**TO DO**
Would you copy exactly the lines in the data below from the one that has "NVGTN violet contour" through the one that has "Skoda Octavia VRS", dropping any pictures?

**ENTRIES PROVIDED**
Segment Open

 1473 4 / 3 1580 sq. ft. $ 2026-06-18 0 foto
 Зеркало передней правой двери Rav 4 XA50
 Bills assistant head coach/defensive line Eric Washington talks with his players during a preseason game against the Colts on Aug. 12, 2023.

Segment Closed
Segment Open

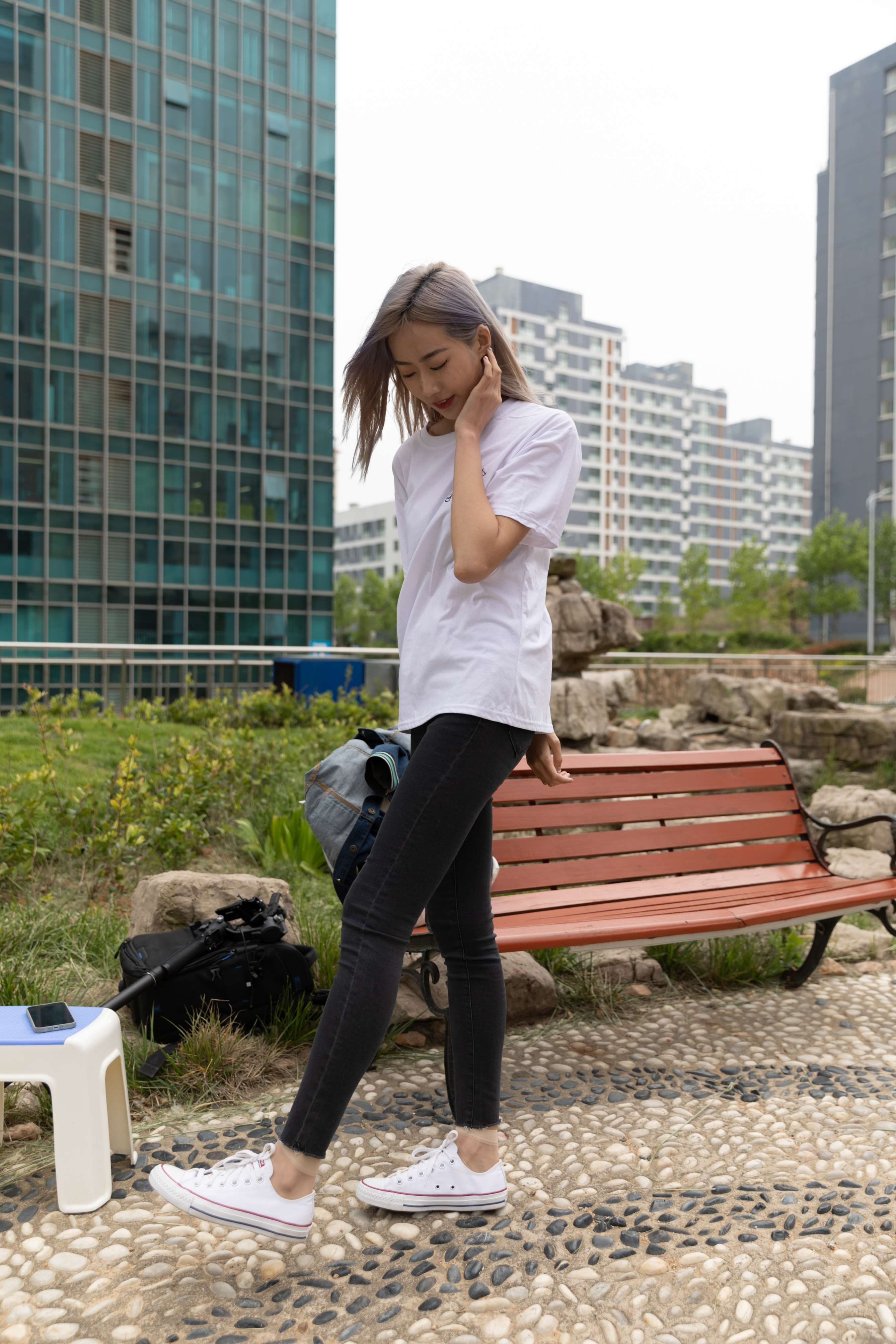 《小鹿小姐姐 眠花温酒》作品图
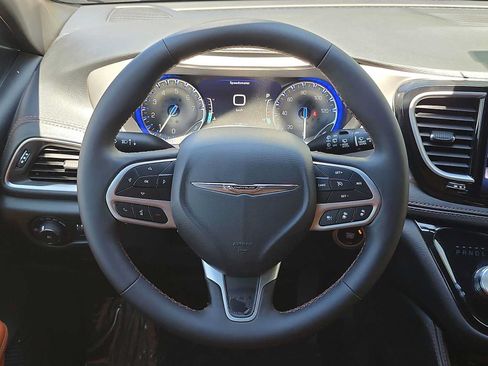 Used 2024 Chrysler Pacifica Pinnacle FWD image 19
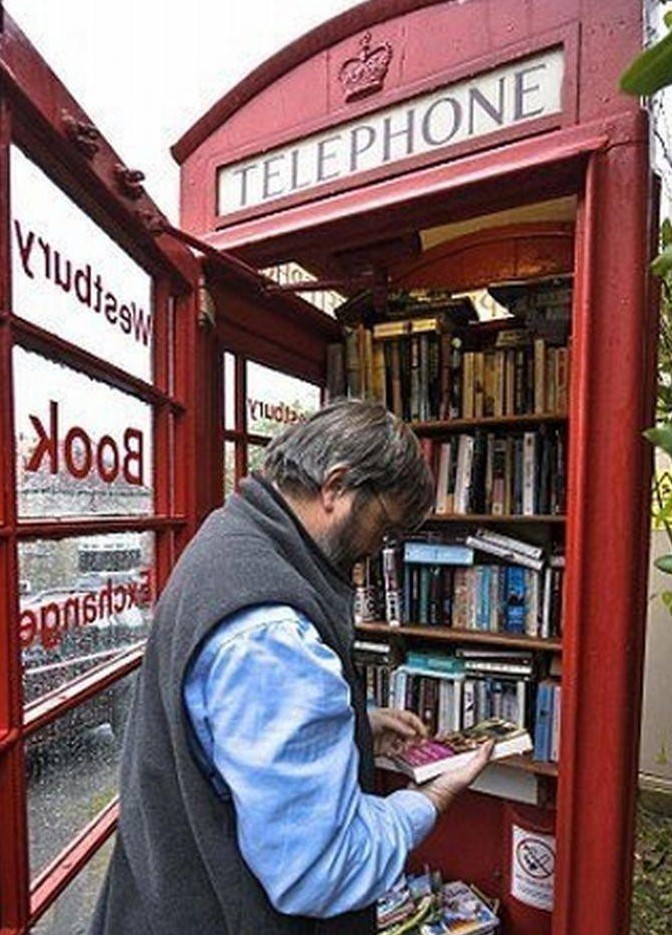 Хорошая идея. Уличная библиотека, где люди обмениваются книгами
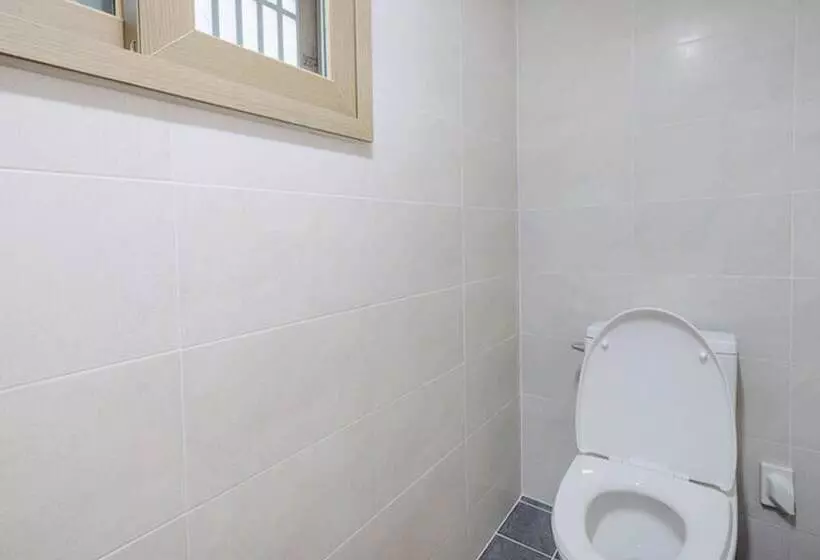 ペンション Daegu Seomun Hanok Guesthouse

Segment Closed
Segment Open

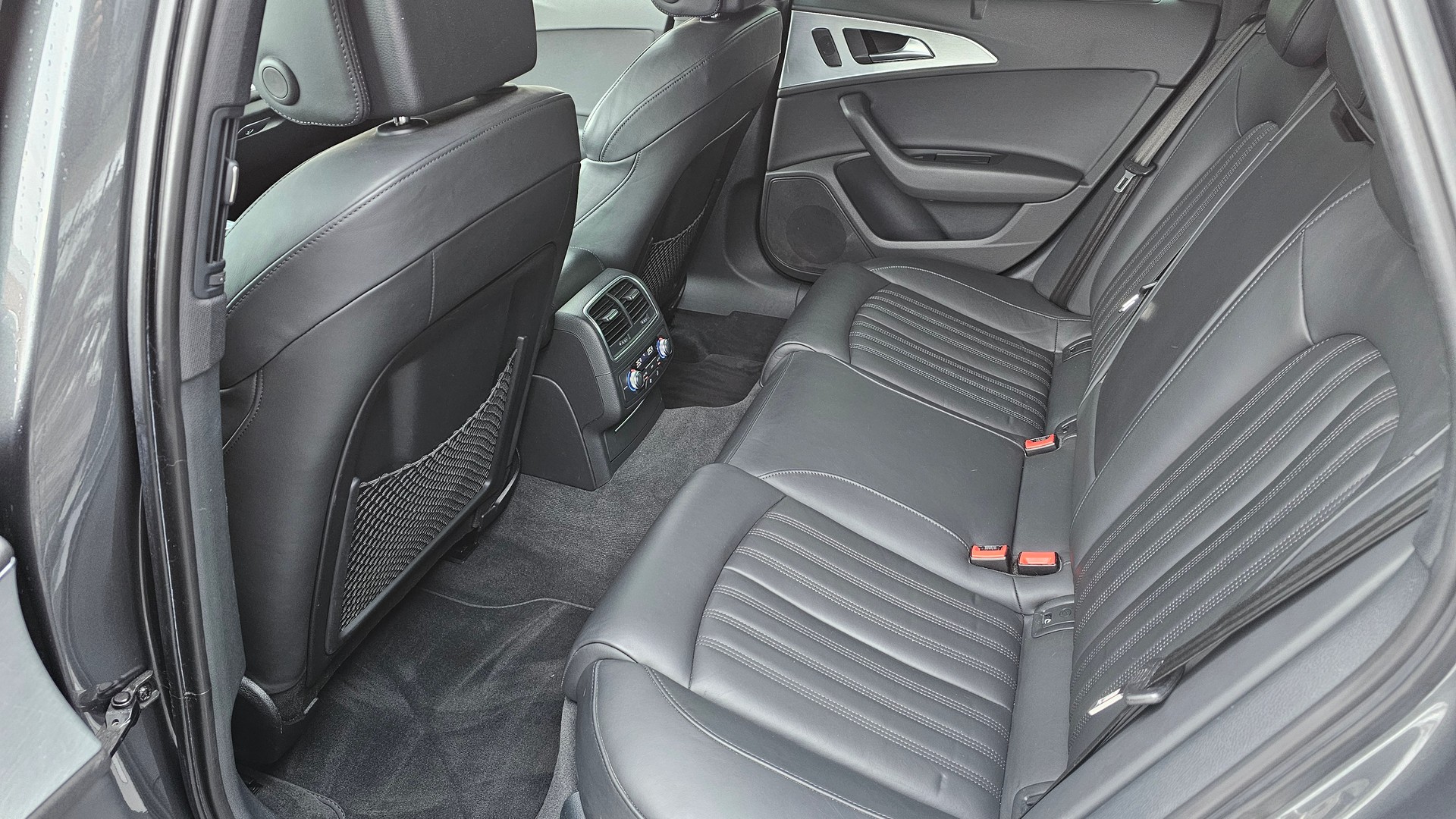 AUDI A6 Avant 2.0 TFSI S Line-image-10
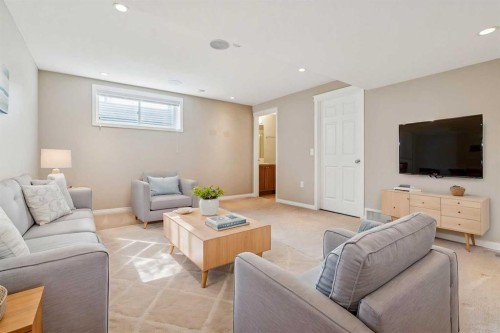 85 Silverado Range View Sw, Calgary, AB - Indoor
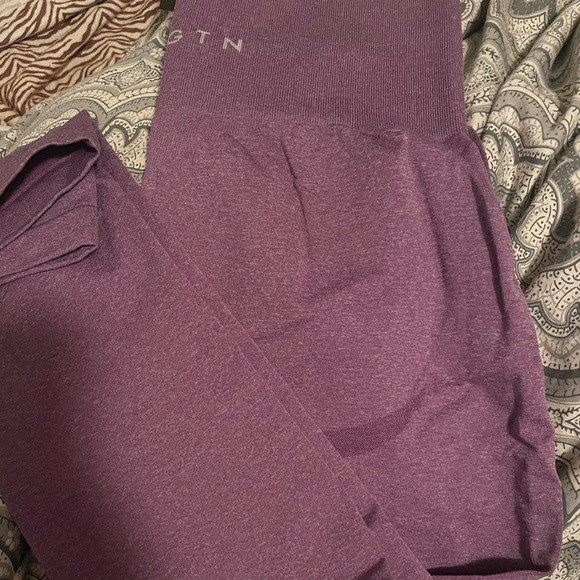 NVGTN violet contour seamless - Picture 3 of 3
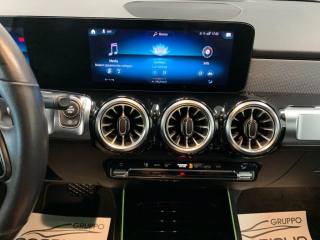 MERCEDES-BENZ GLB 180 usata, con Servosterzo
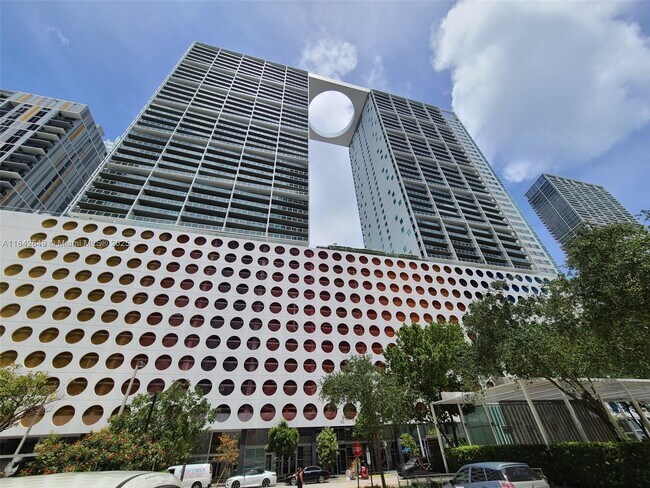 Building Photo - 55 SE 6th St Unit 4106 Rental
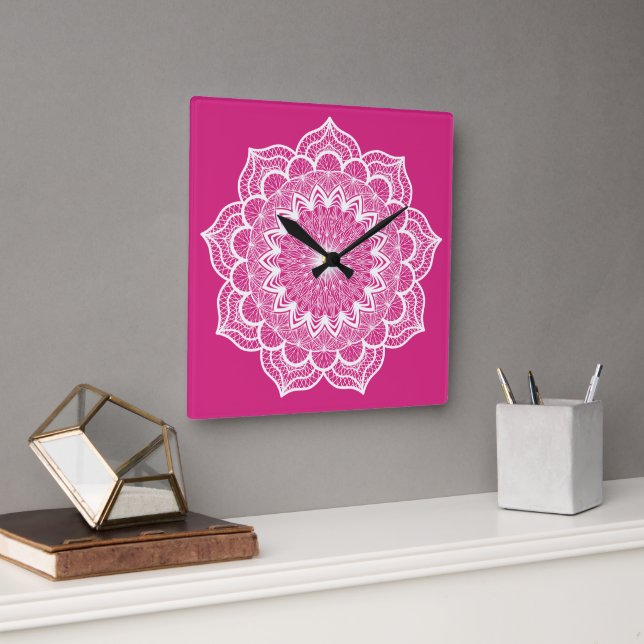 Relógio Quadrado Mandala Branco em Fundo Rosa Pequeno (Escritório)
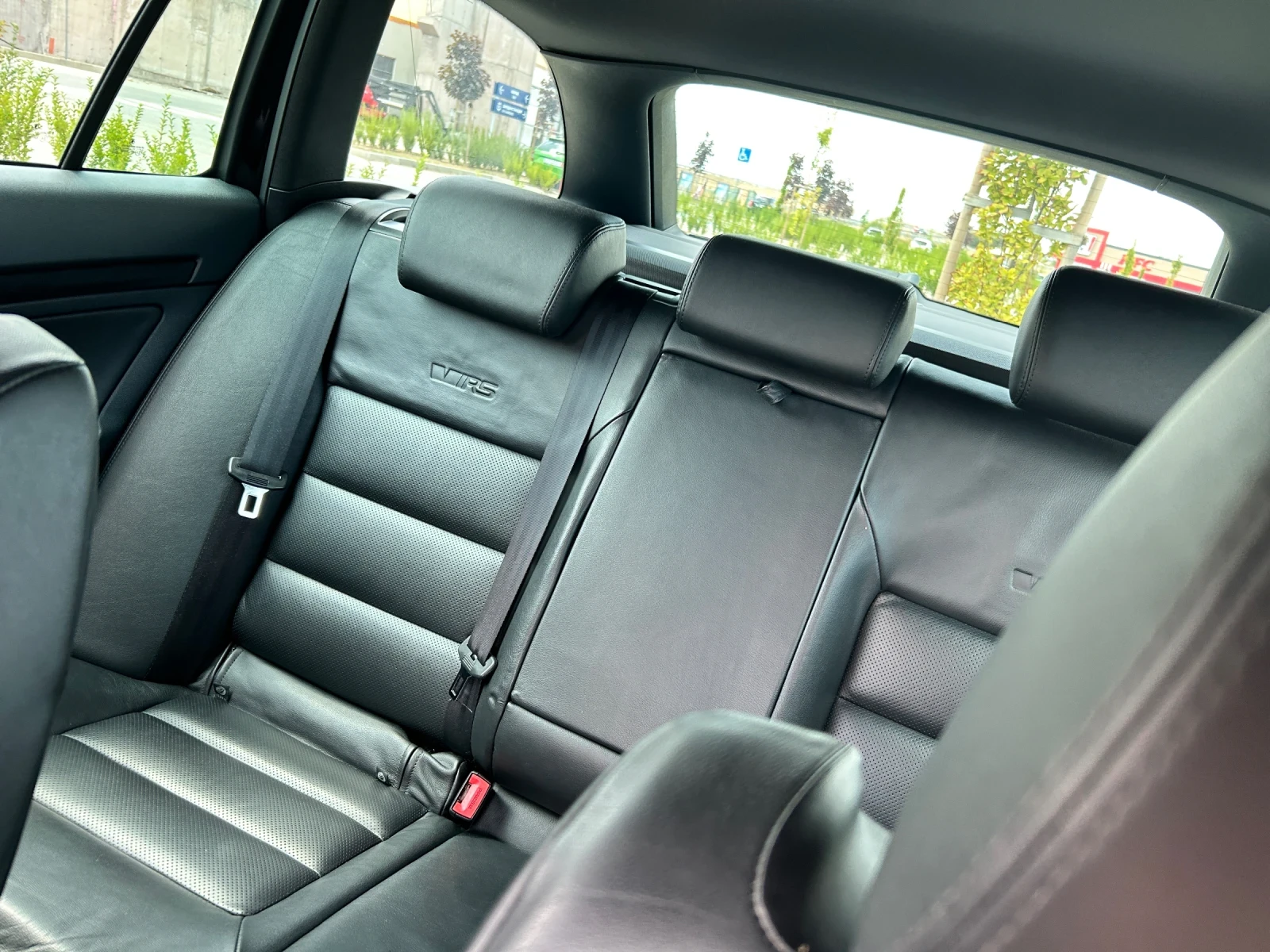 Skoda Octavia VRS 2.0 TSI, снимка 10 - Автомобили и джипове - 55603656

Segment Closed

**EXERCISE ANSWER**
 NVGTN violet contour seamless - Picture 3 of 3
 MERCEDES-BENZ GLB 180 usata, con Servosterzo
 Building Photo - 55 SE 6th St Unit 4106 Rental
 Relógio Quadrado Mandala Branco em Fundo Rosa Pequeno (Escritório)
 Skoda Octavia VRS 2.0 TSI, снимка 10 - Автомобили и джипове - 55603656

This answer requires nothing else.